Une volonté de saisir un «momentum diplomatique» favorable au Maroc ?

Selon M. El Yattioui, Pretoria serait de plus en plus inquiète quant à la perspective de voir le dossier du Sahara marocain entériné de manière plus décisive au niveau des Nations unies. Il rappelle que le prochain sommet du Conseil de sécurité, prévu pour octobre prochain, pourrait marquer un tournant historique, d’autant qu’il précédera de quelques jours le 50e anniversaire de la Marche Verte, événement symbolique de l’attachement indéfectible du peuple marocain à ses provinces du Sud. «Une telle conjonction d’événements renforce l’idée d’un momentum diplomatique favorable au Maroc, dont l’impact pourrait reconfigurer les rapports de force au sein du Conseil de sécurité où désormais la majorité soutient la position marocaine (États-Unis, France et Royaume-Uni) et marginaliser encore davantage les positions jusqu’alors défendues par l’Afrique du Sud et l’Algérie», avance l’expert.

D’autant que l’isolement croissant de l’ANC sur le dossier du Sahara marocain se manifeste de manière de plus en plus prononcée au sein des forums internationaux.

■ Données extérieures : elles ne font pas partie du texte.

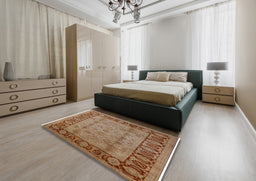 Mid-Century Modern Mahogany Brown Oriental Rug in a Bedroom, urb691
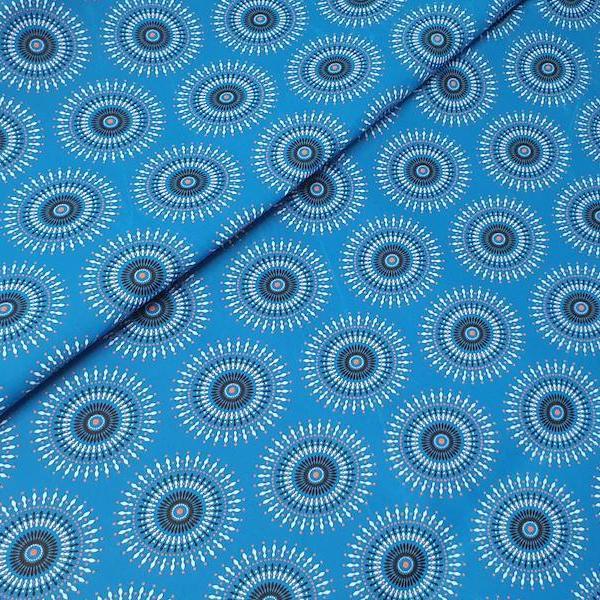 BLUE ORANGE SUN Afrikanischer-Shweshwe-Stoff-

M. El Yattioui explique que l’Afrique du Sud, membre historique des BRICS, se retrouve en porte-à-faux face à certains partenaires de cette organisation qui, à l’instar de la Chine ou de l’Inde, adoptent une posture de neutralité ou de coopération accrue avec le Maroc.

Le parti au pouvoir est d’ailleurs fortement critiqué sur sa politique étrangère, jugée dogmatique et éloignée des réalités géopolitiques actuelles. «Face à un électorat en quête de pragmatisme, et dans un environnement international marqué par des logiques de développement et d’intégration régionale, il n’est pas exclu que l’ANC soit contraint de réajuster ses positions pour demeurer crédible sur la scène intérieure et extérieure», soutient M. El Yattioui.

Par ailleurs, l’Afrique du Sud voit sa position de leader du Sud global menacée par une diplomatie marocaine plus agile et diversifiée. L’approche marocaine, qui s’inscrit dans une vision de co-développement, est largement salué par de nombreuses institutions internationales, contredisant ainsi «les discours alarmistes véhiculés par le narratif algéro-polisarien», comme le souligne notre analyste.

«Pour sa part, l’Algérie voit se réduire peu à peu son espace diplomatique. Le soutien constant de Pretoria au Polisario représentait un pilier de sa stratégie africaine. Si l’Afrique du Sud venait à adopter une position plus nuancée ou favorable au Maroc, ce serait un revers considérable pour Alger. Le risque est d’autant plus grand que les équilibres internationaux se redéfinissent», note-t-il.